Speak your life once, access it anytime.
A voice-first personal life logger powered by a full RAG pipeline —
transcription, structured extraction, vector embeddings, and natural language retrieval.
People generate hundreds of micro-events daily — expenses, tasks, meetings, health notes, journal thoughts — but capturing them requires switching between 5+ apps. Most of it is never logged. And when you need to recall something from last week? Good luck searching across scattered tools.
HeyPoco lets you speak or type anything — and the system figures out the rest.

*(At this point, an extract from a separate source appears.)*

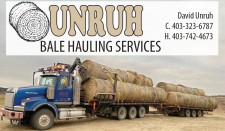 UNRUH Bale Hauling Services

Say "Spent $45 at Whole Foods on groceries" and it automatically classifies it as finance, extracts the amount, merchant, and category. Say "Flying from Phoenix to New York tomorrow at 3pm" and it creates a structured travel event. Later, ask "How much did I spend last week?" and get an instant, accurate answer synthesized from your own data.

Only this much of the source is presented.